The Flying Rivers Phenomenon
Flying rivers (*) are air currents that bring water vapour from Amazonia, in the equatorial zone of Northern South America, down as far south as Northern Argentina. The humidity carried by these “airborne rivers” is responsible for much of the rain that falls in the Centre-West, Southeast and South of Brazil.
When coming into contact with certain meteorological conditions, such as a cold front for example, this humidity (which we do not even notice) can be transformed into rain. Rain which is vitally important for life in general and for the country’s economy, irrigating crops, filling up the real land-based rivers and the dams which provide our energy.
Amazing as it might seem, the quantity of water transported by the flying rivers could well be equivalent to or even greater than the flow of the mighty Amazon itself Prof. Antonio Nobre (INPE) has calculated the total amount of water released into the atmosphere every day by the rainforest at around 20 billion tonnes (20 trillion litres). This compares interestingly with the total volume of water discharged daily (at a rate of 200,000 cubic metres per second) into the Atlantic by the Amazon River: 17 billion tonnes.
Brazil has a very privileged position with regard to water resources. However, with global warming and climate change threatening to change rainfall patterns on a world-wide scale, it is time for us to take a better look at the environmental services provided by the rainforest before it is too late.
In November 2014, Prof. Antonio Nobre released a graphic scientific analysis on the future climate of Amazonia, stressing the importance of taking immediate action not only to preserve the remaining forest but even to replant degraded areas. He warns that failure to do so will have drastic long-term effects on rainfall in Brazil, leading to further droughts and the savannization of the Amazon basin.
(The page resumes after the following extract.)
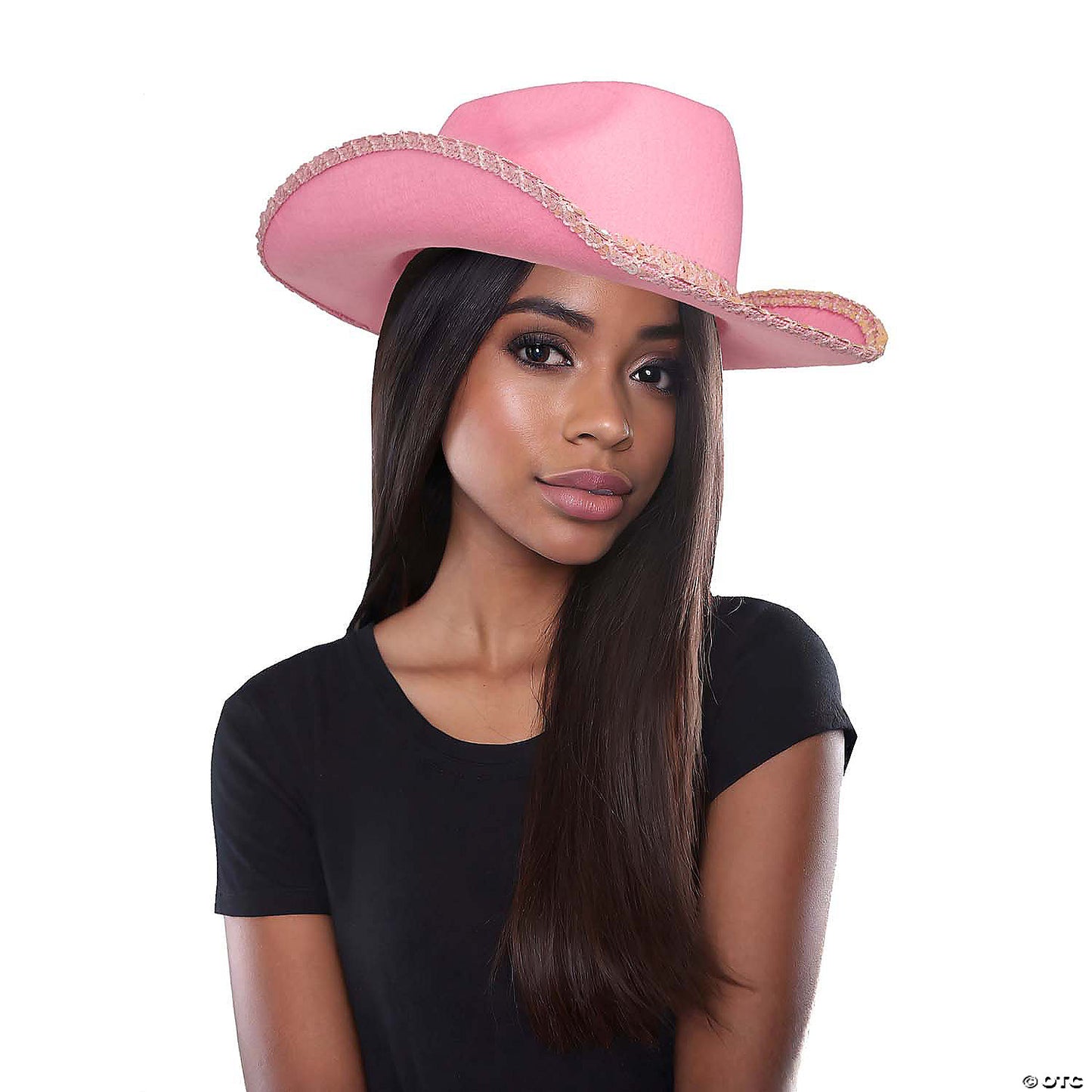 Adults Pink Sequin Polyester Cowboy Hat Costume Accessory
You can read the report clicking on this link: The Future Climate of Amazonia
* The term “rios voadores” or flying rivers, also known as ‘aerial rivers’, was popularised in Brazil by Dr. José Marengo (CPTEC) to describe a meteorological phenomenon known technically as the “low level jets”, air currents that carry water vapour across Amazonia and down the eastern flank of the Andes towards other regions of Brazil and even as far as Northern Argentina.